The party grew louder. Fatigue set in. Even a DJ gets a break every hour, right? Some of the catering staff tried to get in line for a reading but were swiftly banished from the upstairs area and sent back to work.

I was preparing for my next reading with a warm smile and as much positive attitude as I could muster when I realized that I had already given three nonstop hours of readings. I had been booked for four hours, and there was still a long list of names left on the chart Anne had drawn up much like an appointment list.

A giant, leering blonde looked as if she might tear my head off if I didn’t get to her soon. The back of my throat ached, signaling that I stood a good chance of spending the next day or two with laryngitis. This would affect my next night’s booking, which was expected to last four hours as well, with the possibility of lots of overtime.

I realized I needed to pace myself. As I stood up to stretch my legs for the first time that evening, a redhead in a green beret broke out of the line and yelled in a boozy mist of bad perfume and vodka, “Where’re you going?”

I responded with, “Well, actually I’m going to take a ten-minute break.”

“They let you people take breaks?”

The “you people” momentarily stopped me dead in my tracks. I wisely counted to ten and tamed my temper. As had happened on other occasions, this could be the very person paying my bill at either a later job or even tonight. I moved cautiously toward the door.

“But you can’t leave!” she insisted. “I have been waiting in this line for over a half an hour to get my reading from you and now you’re leaving?”

A quick read of this person, without the necessity of any remotely psychic talents, told me that trying to reason with her or rely on her sense of common decency would never work. I quickly decided instead to just try to avoid conflict.

“Well, I’m not really leaving for that long. You see, it’s been over three hours since I started talking and I really need to get a drink of water and give my throat a break.”

“Oh, if that’s all it is,” she shot back, “I’ll go and get a glass of water for you.”
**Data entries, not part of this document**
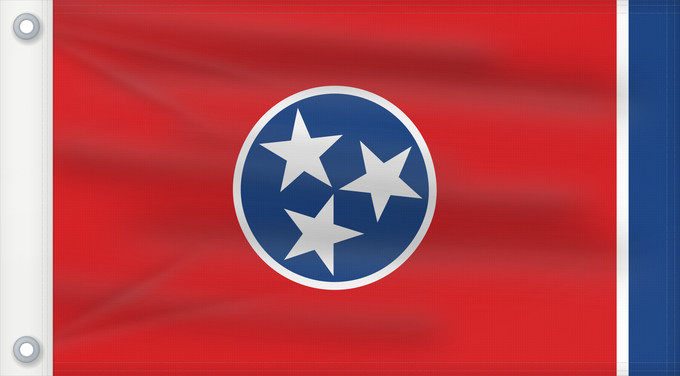 Bandera, con dos ojales metálicos y lado del asta reforzado: Tennessee Tennessees fana ᏔᎾᏏ ᎦᏓᏘ Státu Tennessee Tennessees Tennesseen osavaltion Ka hae Kenekī Tennesiae Ténésii Hahoodzo bidah naatʼaʼí Флаг Теннесси Američke savzene države Tennessee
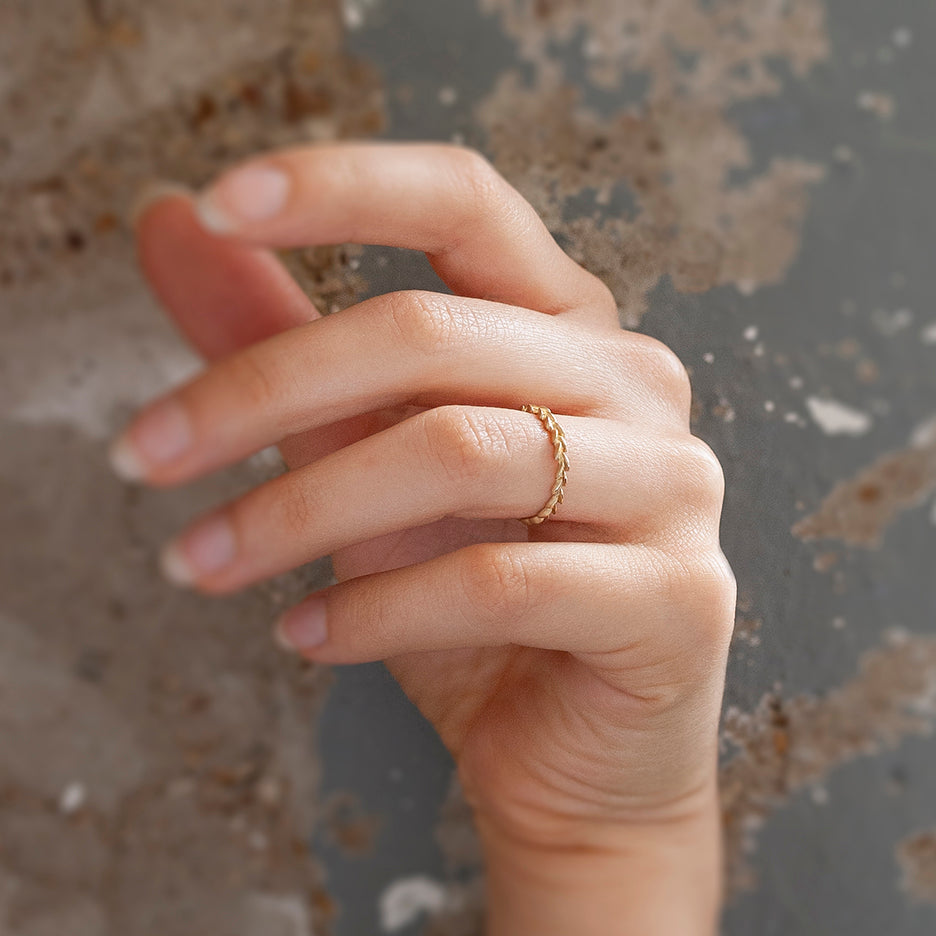 Wedding Band in Yellow Gold with Botanical Detailing Front View
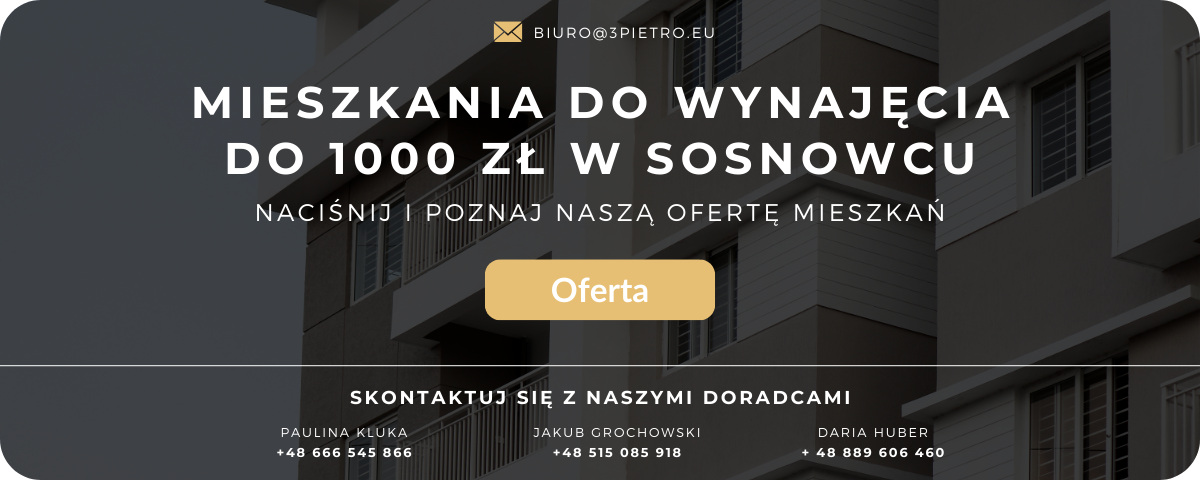 Mieszkania do wynajęcia do 1000 zł Sosnowiec
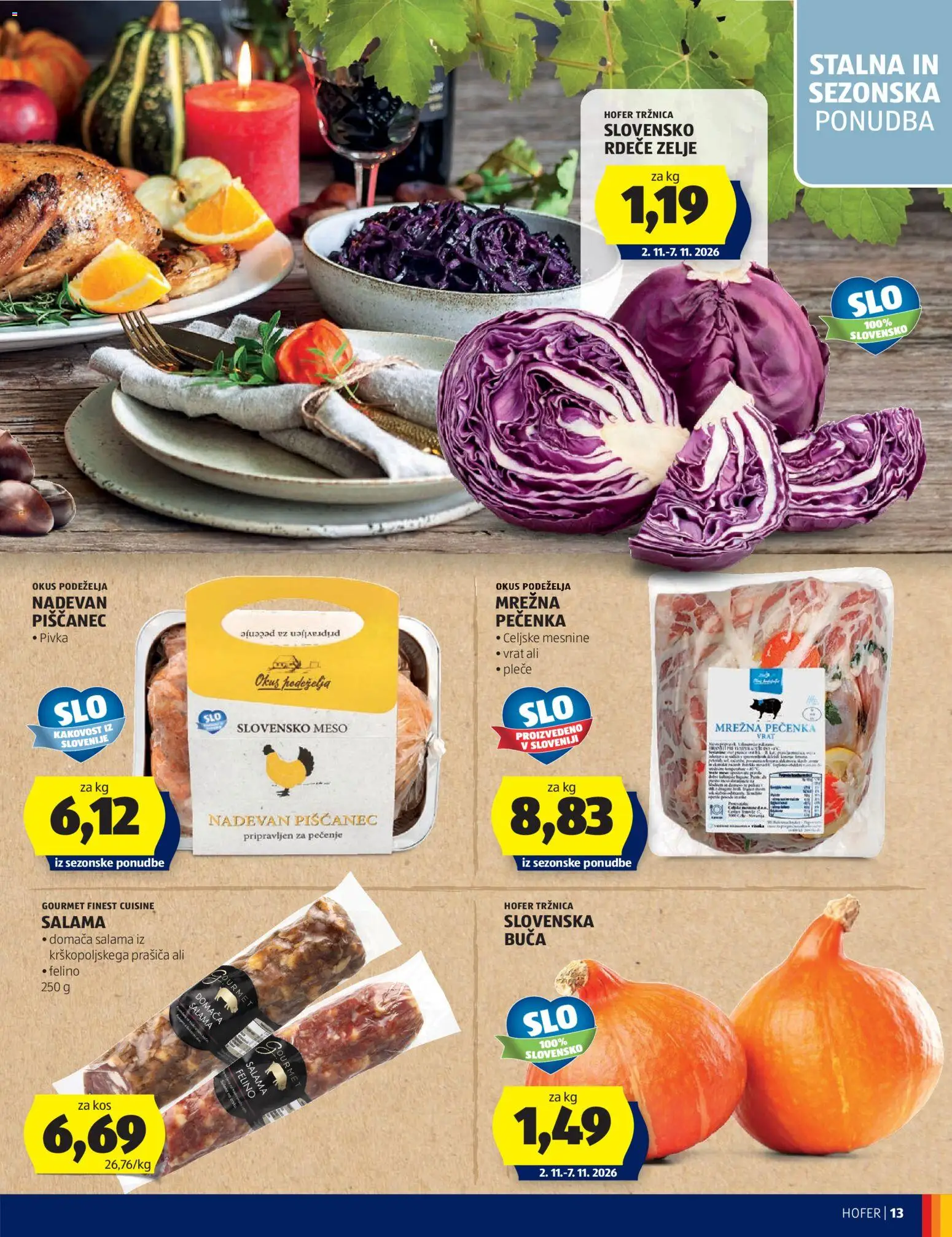 Hofer SI katalog | vrijedi od 28.10.2026 | Stranica: 13 | Proizvodi: Vrat, Meso, Salama, Zelje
So much for the pity angle. I should have known it wouldn’t work. “No, please, you don’t understand. It’s not just about the water. I need to take a break and go to the restroom.”

She fell back for a nanosecond then thrust a garishly painted fingernail into my face. “You promise that I will be next when you come back?”

I gestured casually toward the others in line, including the gigantic blonde who had by then moved within striking distance, and who was now looking menacingly at both of us. “Well, I think a few other ladies were ahead of you in line. But if it’s okay with them, it’s fine with me. Now I really have to go. Please excuse me.”

Giant Blonde recognized her opening and stepped between us, announcing that she had been waiting just as long, if not longer, than the redhead and demanded that she be next. I not so psychically sensed an imminent catfight. It’s so complimentary to be fought over by desperate women, but this could get ugly.

I swiftly tried to edge through the crowded doorway and get away.

The redhead then cornered me in the stairwell. “Well, okay, psychic man. Take your break. But I’m gonna tell the hostess that you left your table.”

I was a trifle ruffled, but it’s my job to be and stay professional. Still, an evil line I have only used in rare moments (such as this sulfurous one) reached my lips and I couldn’t hold it back: “Really? Let me ask you something. Do you want a good reading or a bad reading?”

“Well, a good one, of course!”

“Then please let me pass, and I’ll see you in ten or fifteen minutes.”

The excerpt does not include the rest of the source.